Davis Polk hosts practice area meetings every Tuesday, partly dedicated to advertising pro bono opportunities that trainees can get involved with – if they find time!
How to get into Davis Polk
Vacation scheme deadline (2020): 11 January 2020 (opens 1 December 2019)
Apply for training contract via vac scheme
Davis Polk fills its new trainee intake solely from those who've attend one of its two summer vac schemes. London training principal Will Pearce explains: “The feedback we’ve received from applicants is that they are applying for a smaller, more focused group of law firms and that they want the chance to check out what a firm is really like in a vacation scheme over a two-week period rather than just in an interview over a couple of hours.” Furthermore, “beyond having excellent academics, fit is crucial in a small office. Getting to know the candidates well is as important for us as it is for the applicants themselves.” Be aware that the application window for 2020 vac schemes (and therefore 2022 training contracts) opens on 1 December 2019 and closes on 11 January 2020.
To apply for the vac scheme, Davis Polk sticks with the tried and tested CV and covering letter. “We ask that you give us a CV, breaking down your grades, work experience and those extracurricular activities you think are relevant,” says Pearce. “I'd say less is more – but don't try and hide anything! Even if you got a low mark in one of your exams.”
The covering letter should explain a candidate's reasons for studying the law, why they want to study at an international firm, what attracts them to Davis Polk and why they are suited to it, but Pearce tells us: “I'm looking for someone thoughtful who has done their research and someone who understands what Davis Polk is about.” It pays to get specific: “It’s good to pick out a deal we've worked on which interests you. We're unashamedly a New York-headquartered firm, but a student really impresses by drilling down and saying what people in London have been working on. It shows that they've taken the time to think about the firm and what they’d be working on as a trainee, rather than regurgitating our careers website.”
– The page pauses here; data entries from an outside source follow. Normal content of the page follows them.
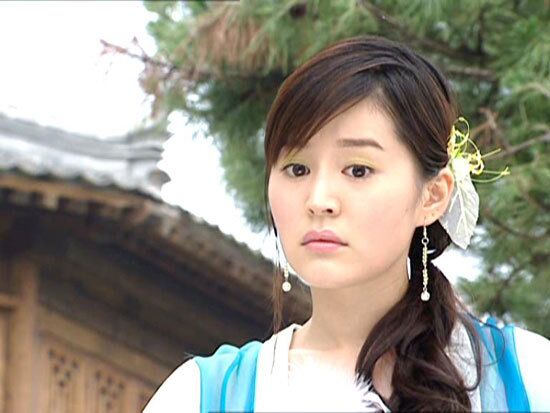 五位白月光,王沥川真实身份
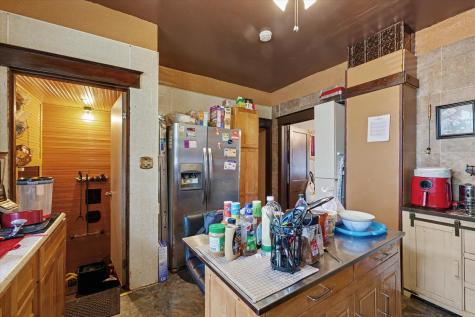 212 East Hill Street Champaign IL 61820
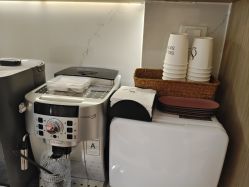 -海菲秀黑钻·SELF SKIN悦己·Tech SPA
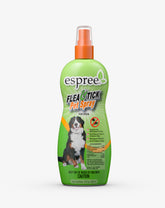 Espree - Flea & Tick Spray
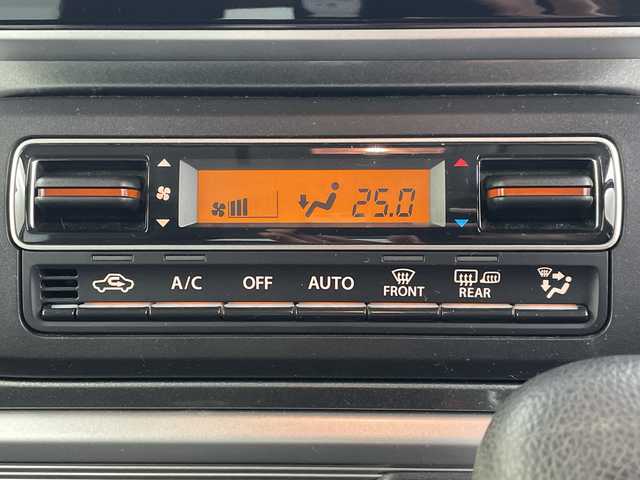 スズキ スペーシア ギア HYBRID XZ 岐阜県 2021(令3)年 1.6万km アクティブイエロー/ガンメタリック2トーン 4WD/純正8インチナビ/CD/DVD/Bluetooth/USB/フルセグTV/全方位モニター/両側パワースライドドア/スズキセーフティサポート/デュアルカメラブレーキサポート/後退時ブレーキサポート/車線逸脱警報機能/パーキングソナー/ハイビームアシスト/アダプティブクルーズコントロール/シートヒーター/ビルトインETC/革巻きステアリング/ステアリングリモコン/純正フロアマット/純正ドアバイザー/ルーフレール/オートLEDヘッドライト/フォグランプ/スマートキー/プッシュスタート/シートバックテーブル/ベンチシート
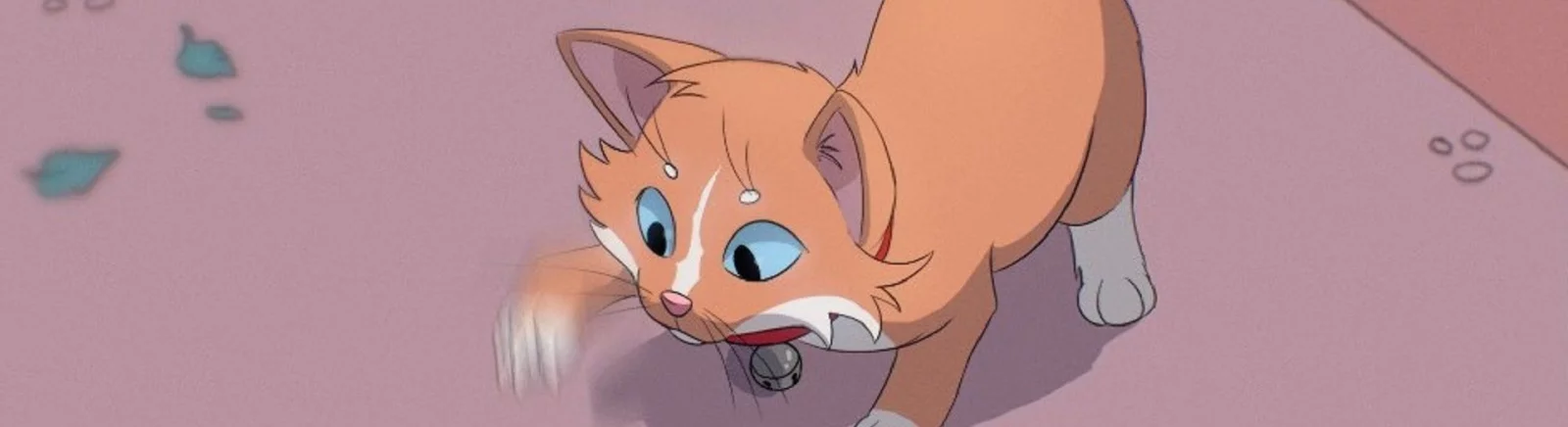 Cateau - что это за игра, трейлер, системные требования, отзывы и оценки, цены и скидки, гайды и прохождение, похожие игры 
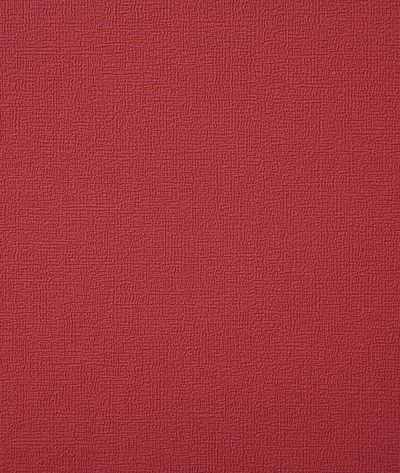 Pindler & Pindler Buoy Apple Fabric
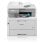 Multifonction Brother MFC-L8390CDW Laser Couleur WiFi Ethernet Fax Duplex NFC Écran Tactile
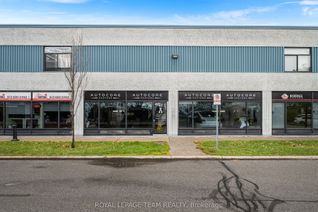 Property for Sale, 2212 Gladwin Cres #A5/A6, Elmvale Acres and Area, ON Property for Sale, 2212 Gladwin Cres #A5/A6, Elmvale Acres and Area, ON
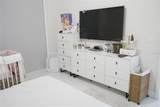 16385 Biscayne Boulevard - Photo 16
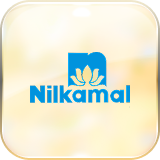 Nilkamal image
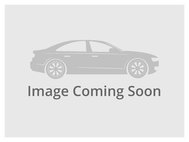 2024 Porsche 911 Targa 4 GTS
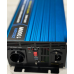 Перетворювач напруги UPS ZEGOR DPR-1000C із зарядним пристроєм 1000W 12/220V Перетворювач напруги UPS ZEGOR DPR-1000C із зарядним пристроєм 1000W 12/220V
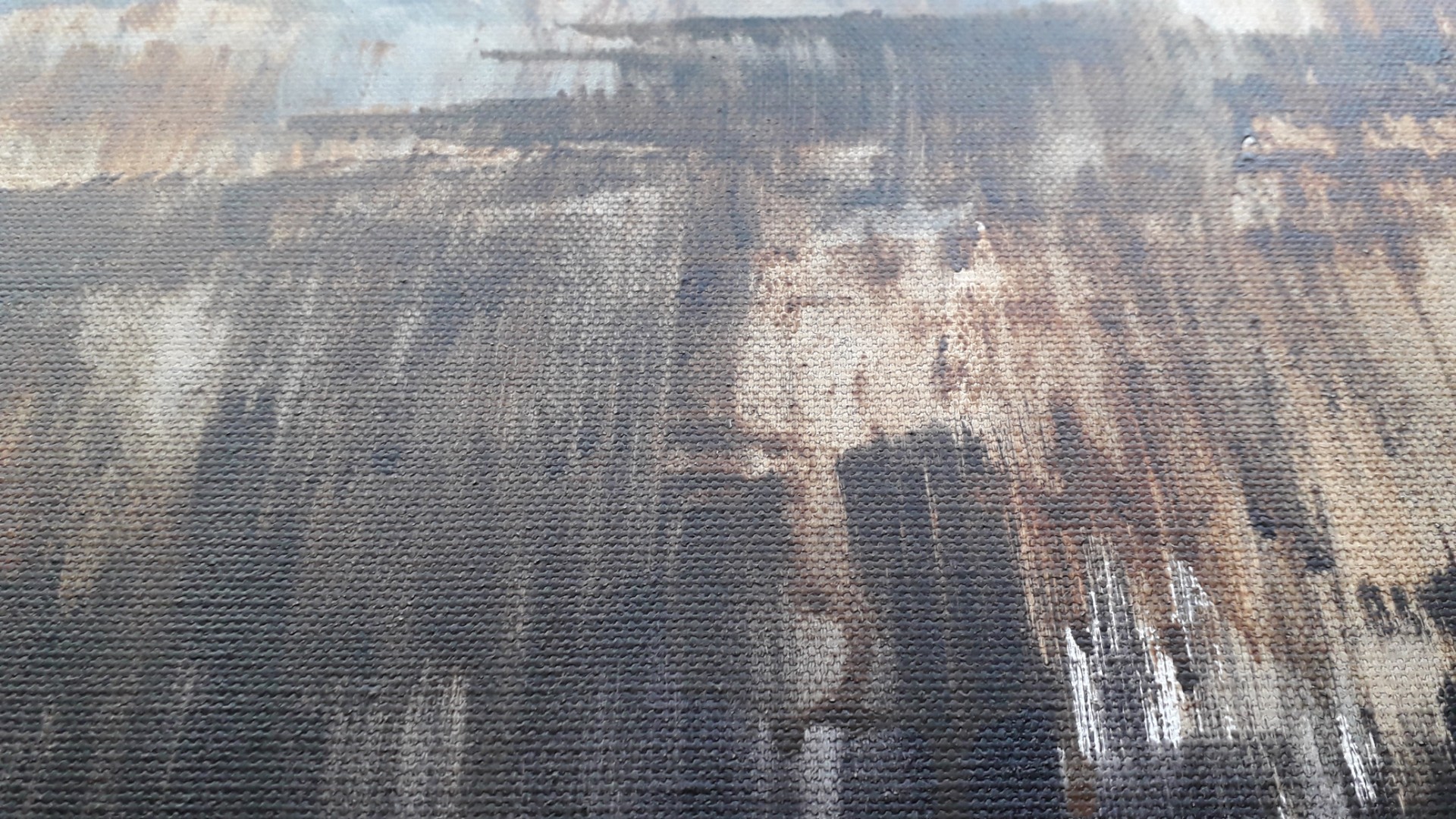 Brèche - Thumbnail 2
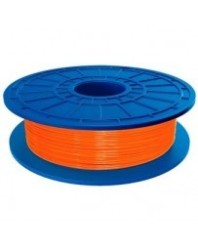 Filamento Naranja Dremel 26153D04AA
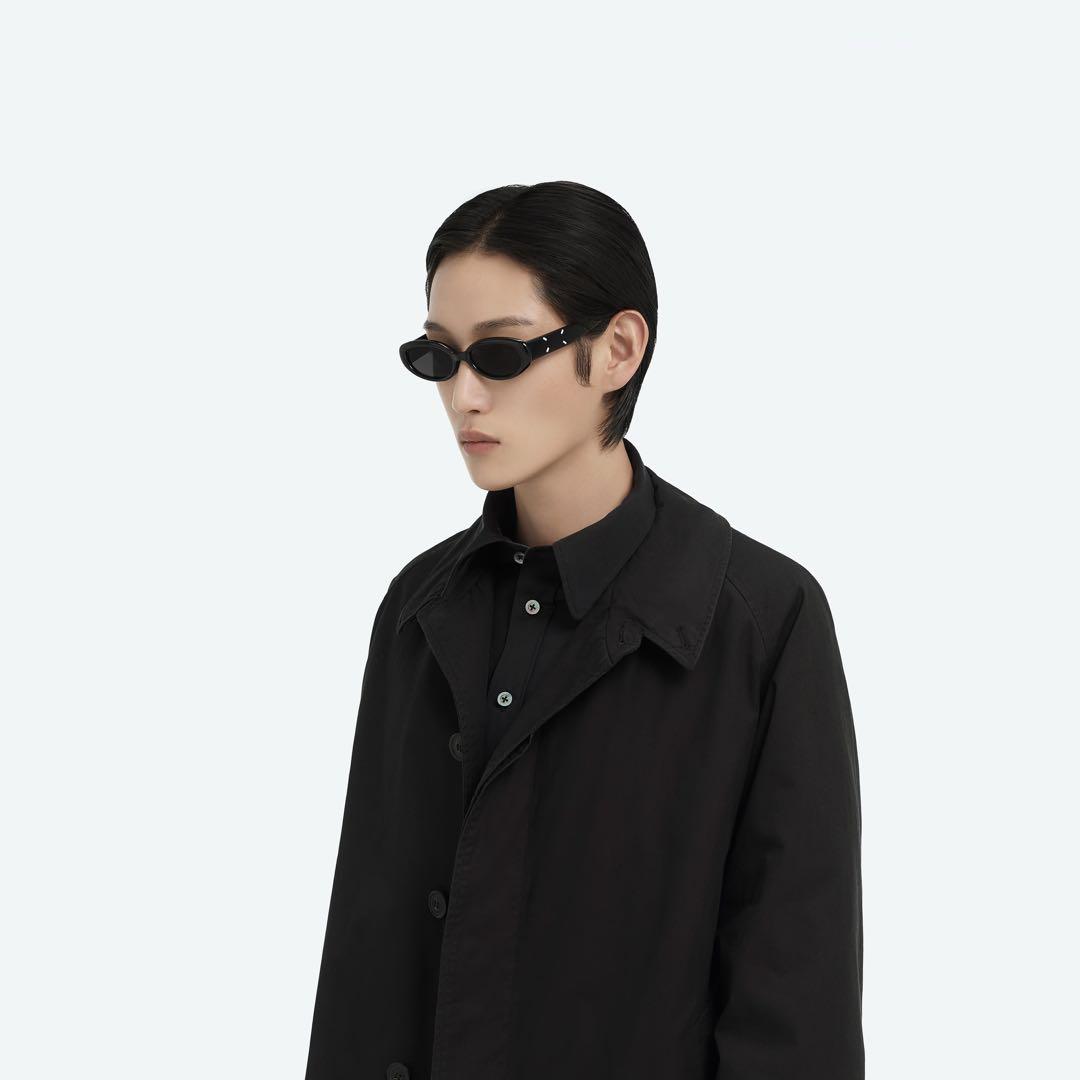 GENTLE MONSTER×Maison Margiela サングラス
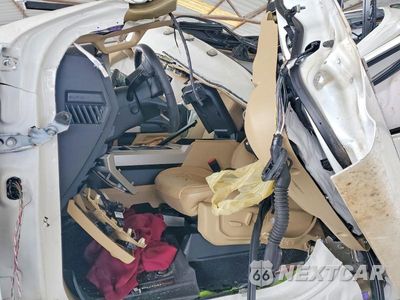 Zdjęcie 7 z 12 samochodu: 2020 FORD F250 SUPER DUTY VIN:1FT8W2BT3LEC58976 - miniatura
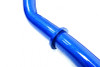 Hardrace Front Sway Bar Lexus NX, Toyota Alphard, Previa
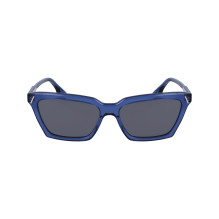 Akiniai nuo saulės VICTORIA BECKHAM WOMEN VB661S5716414 (Lęšis / Nosis / Šakelė) 57 / 16 / 140 mm Akiniai nuo saulės VICTORIA BECKHAM WOMEN VB661S5716414 (Lęšis / Nosis / Šakelė) 57 / 16 / 140 mm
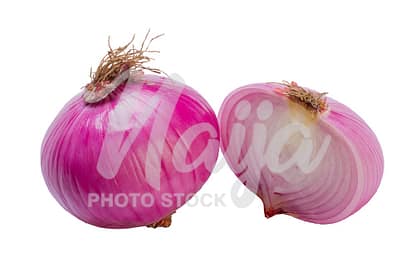 ONIONS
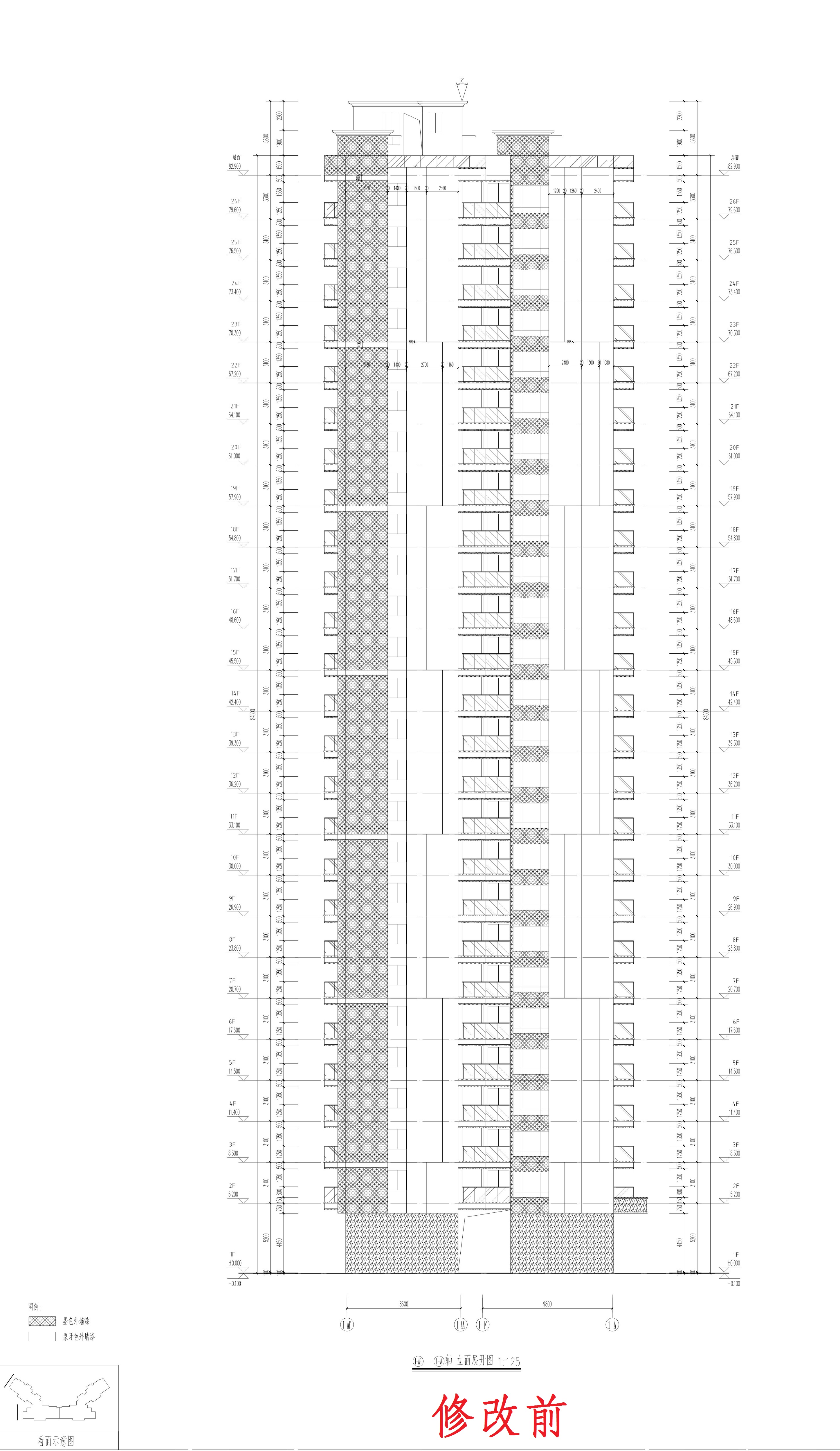 12立面4修改前_1.jpg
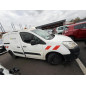 Moteur essuie glace avant CITROEN BERLINGO 2
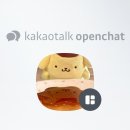 코코넨네 이미지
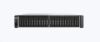 Obrázek QNAP TDS- h2489FU- R2- 4314- 128G (2 x 16C/ XeonSilver4314/ 3, 4GHz/ 128 GBRAM/ 24xU.2/ 2xM.2/ 4 x 2, 5GbE/ 2xSFP…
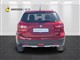 Billede af Suzuki S-Cross 1,4 Boosterjet  Mild hybrid Active Hybrid 129HK 5d 6g Aut.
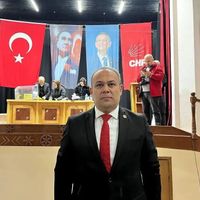 SİYASET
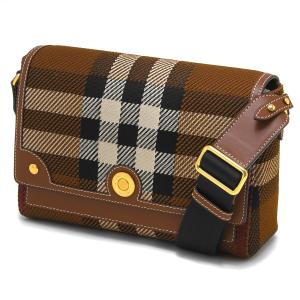 BURBERRY（バーバリー） ショルダーバッグ レディース ブランド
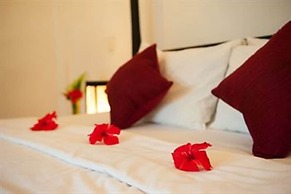 Phka Villa Hotel Battambang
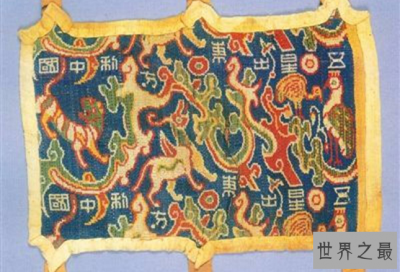 ​国家一级文物排名 6大国宝级文物，你都认识吗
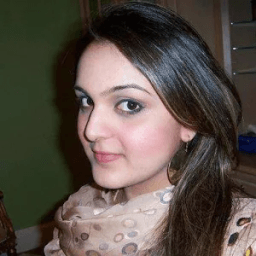 ikon Married Women Secret Dating Point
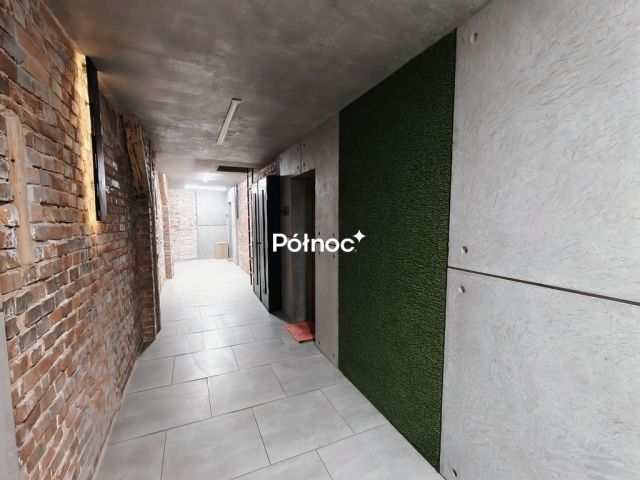 Mieszkanie 1-pokojowe Brzeg, ul. Wolności. Zdjęcie 3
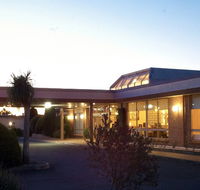 Best Western Southgate Motel - Inverell Accommodation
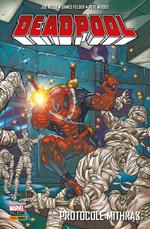 Deadpool (1997) T04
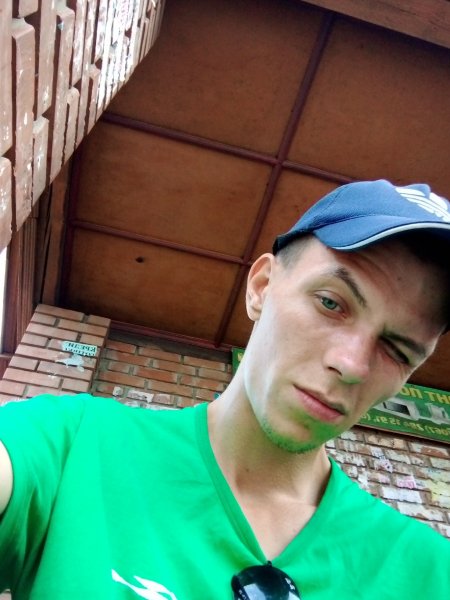 IMG 20210809 183739 542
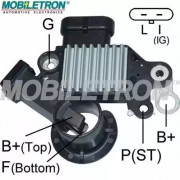  ()   MOBILETRON VR-D717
Successful applicants are invited to two interviews to try and snag a place on the vac scheme, spending around two hours at the office in total. The first of the two interviews is with a couple of partners. "We want to know about the individual,” says Pearce. “We don't have stock questions and there might be a few left field things, just to see how candidates react.” The partners then take questions from the candidate.
The second interview is with an associate and a current trainee, and scales back the pressure slightly. “It's an informal chat. It's very much to give the candidate an idea of the people who work here,” says Pearce.
The vacation scheme
The firm runs two vac schemes; each lasts for two weeks with one starting in late June and the other starting in mid-July. Each scheme takes roughly ten candidates, but that's not written in stone. “If we have 16 superstars, we'll do two schemes of eight; if we have 26, we'll make it work somehow, rather than saying we don't have enough places.”
Aside from a variety of social events with partners and associates, students will spend time learning about each of the London office’s practice areas and get stuck into some real trainee work. “Over the summer, some practices might be a little slower, so to give a more representative experience we do a case study where students do research and draft a client memo. It's not formally marked because some students might be working on real deals and so have less time to complete it.” In the second week, students take part in a team exercise where they prepare and carry out a mock client meeting.
The firm holds open days for both first and second-year students where it gives talks about the firm's recruitment process, goes through case studies to practice interview skills and puts on drinks for attendees. “We want people to like us for who we are and what we do, so we'll talk on open days about people's different career opportunities. We're very happy to give constructive career advice.”
Interview with Will Pearce, Davis Polk’s recruitment partner and training principal
Chambers Student: What have been the highlights of the last year at Davis Polk?
Will Pearce: In 2018 the firm had its best financial year in its 170-year history as announced by outgoing managing partner Tom Reid. Here in London, big highlights were obviously acting as lead corporate counsel to Comcast on the $40 billion Sky takeover and Temenos on its £1.4 billion bid for Fidessa, in addition to numerous other private M&A, capital markets and credit transactions. We’ve also just completed a two year project with Maersk to separate its energy division – this saw us advise on the $7.45 billion sale of Maersk Oil to Total and the demerger and $3.6 billion Copenhagen listing of Maersk Drilling.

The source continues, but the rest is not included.